About this exercise – The answer is all of the data repeated exactly, with each picture omitted.

Data supplied –
- Opening Delimiter -

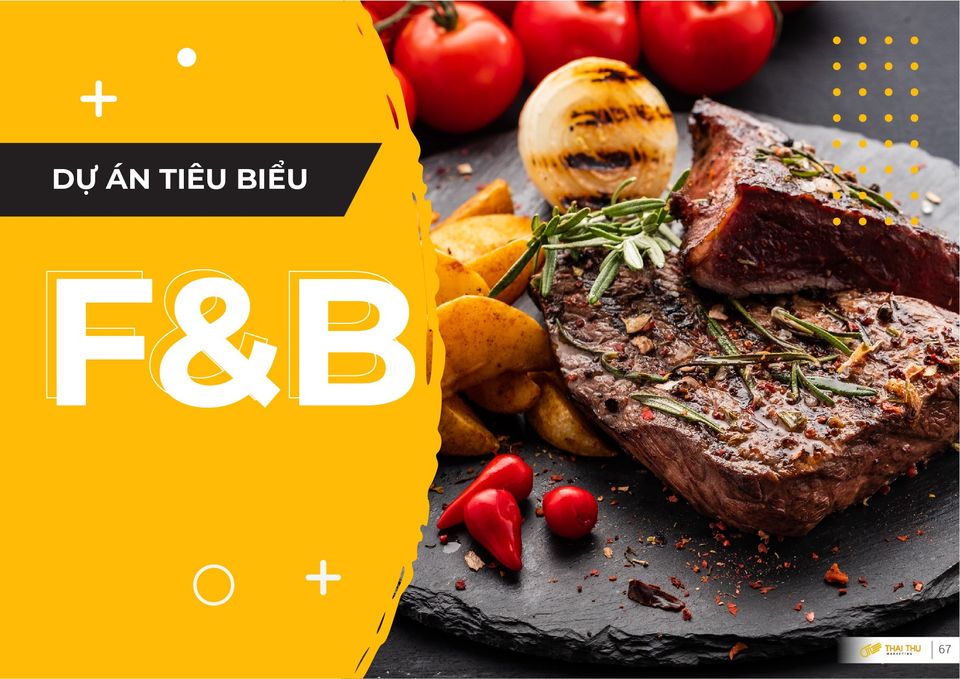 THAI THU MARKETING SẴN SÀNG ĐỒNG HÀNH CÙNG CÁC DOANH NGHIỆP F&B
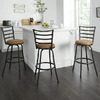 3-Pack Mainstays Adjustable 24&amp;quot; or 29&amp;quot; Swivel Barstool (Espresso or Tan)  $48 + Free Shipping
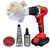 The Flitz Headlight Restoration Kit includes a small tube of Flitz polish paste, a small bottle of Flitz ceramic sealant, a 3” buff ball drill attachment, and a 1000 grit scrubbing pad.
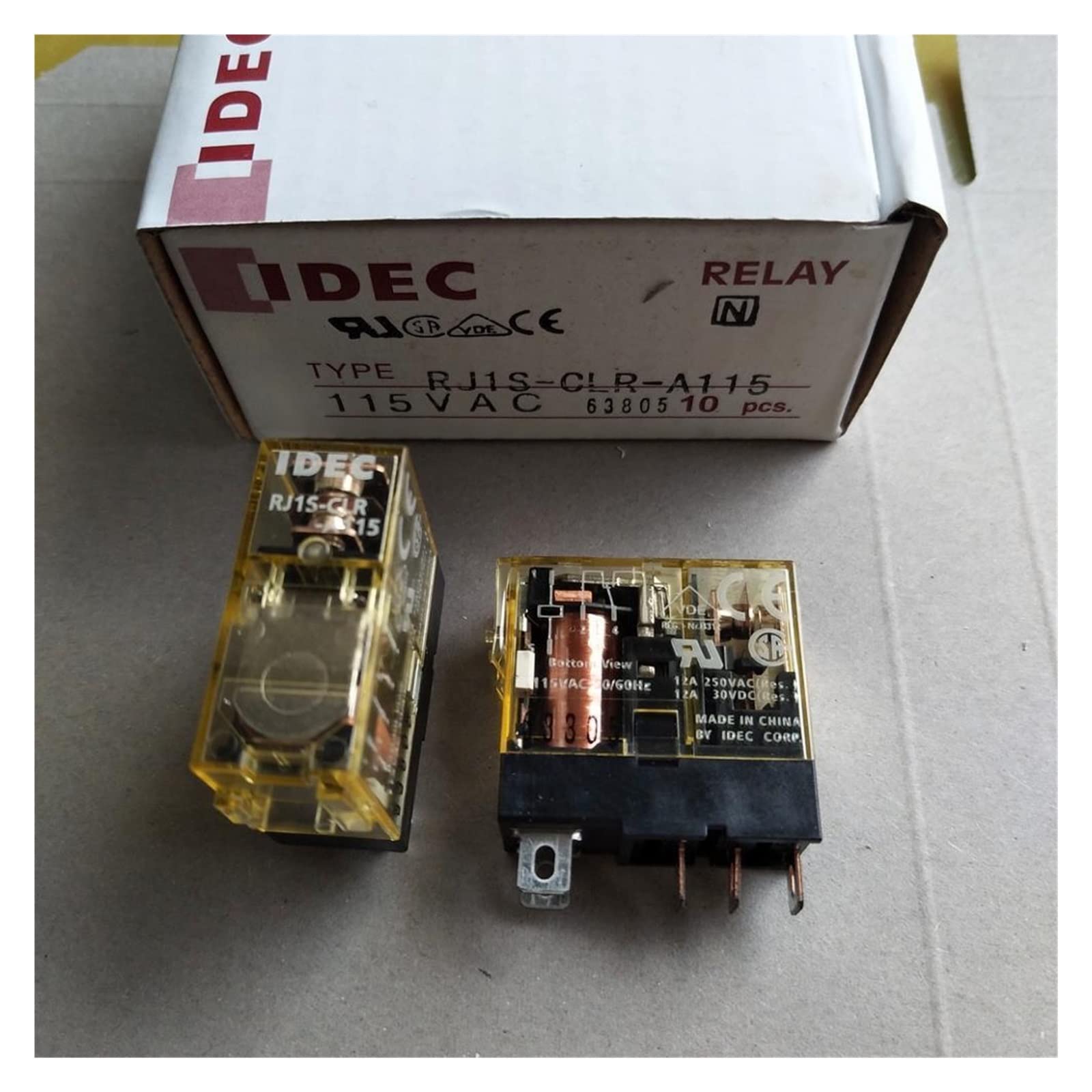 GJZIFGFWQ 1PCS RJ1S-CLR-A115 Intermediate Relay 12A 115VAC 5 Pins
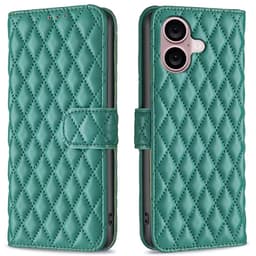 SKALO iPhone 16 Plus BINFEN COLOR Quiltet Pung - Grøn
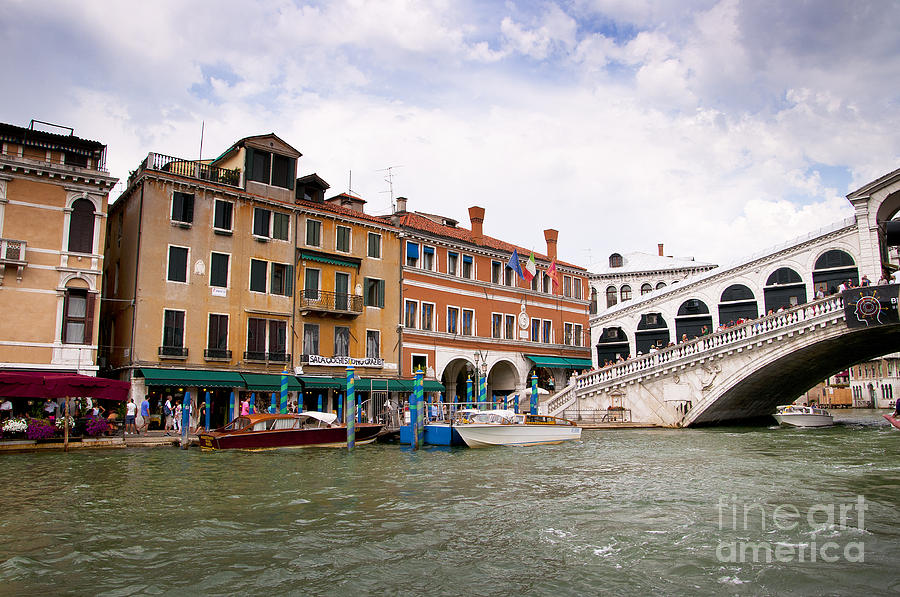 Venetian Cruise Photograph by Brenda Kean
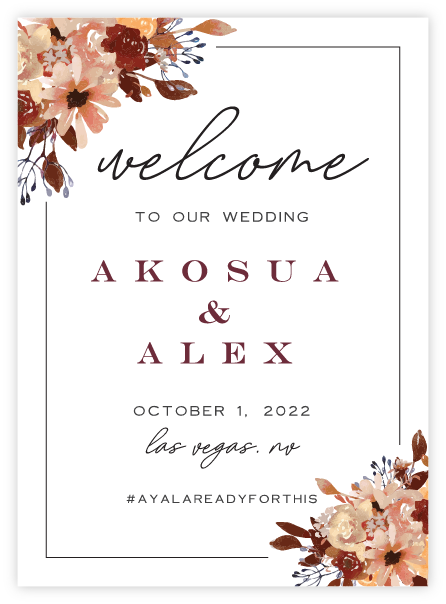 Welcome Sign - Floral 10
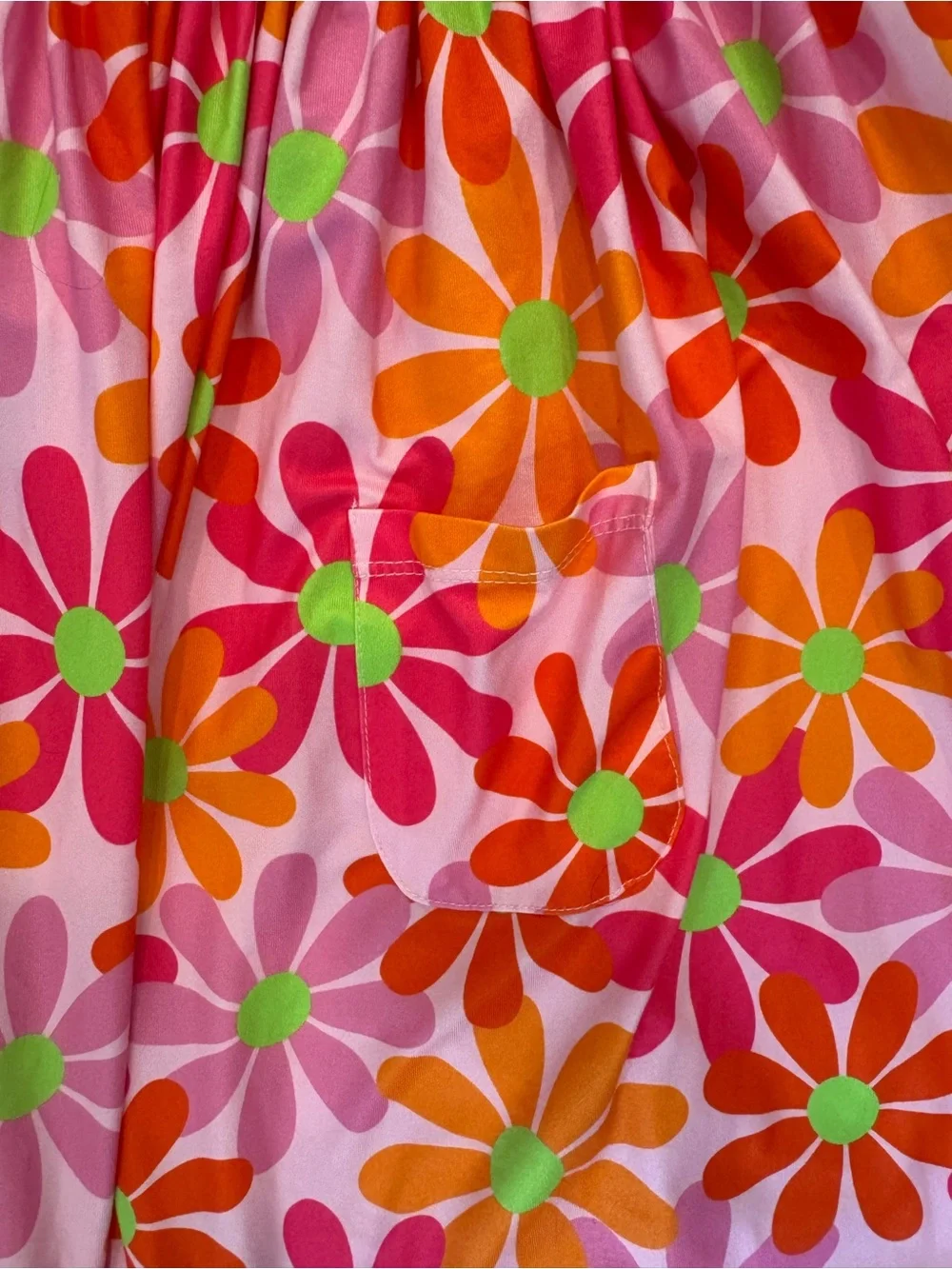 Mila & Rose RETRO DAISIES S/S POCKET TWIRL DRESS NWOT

- Closing Delimiter -

Answer –
 THAI THU MARKETING SẴN SÀNG ĐỒNG HÀNH CÙNG CÁC DOANH NGHIỆP F&B
 3-Pack Mainstays Adjustable 24&amp;quot; or 29&amp;quot; Swivel Barstool (Espresso or Tan)  $48 + Free Shipping
 The Flitz Headlight Restoration Kit includes a small tube of Flitz polish paste, a small bottle of Flitz ceramic sealant, a 3” buff ball drill attachment, and a 1000 grit scrubbing pad.
 GJZIFGFWQ 1PCS RJ1S-CLR-A115 Intermediate Relay 12A 115VAC 5 Pins
 SKALO iPhone 16 Plus BINFEN COLOR Quiltet Pung - Grøn
 Venetian Cruise Photograph by Brenda Kean
 Welcome Sign - Floral 10
 Mila & Rose RETRO DAISIES S/S POCKET TWIRL DRESS NWOT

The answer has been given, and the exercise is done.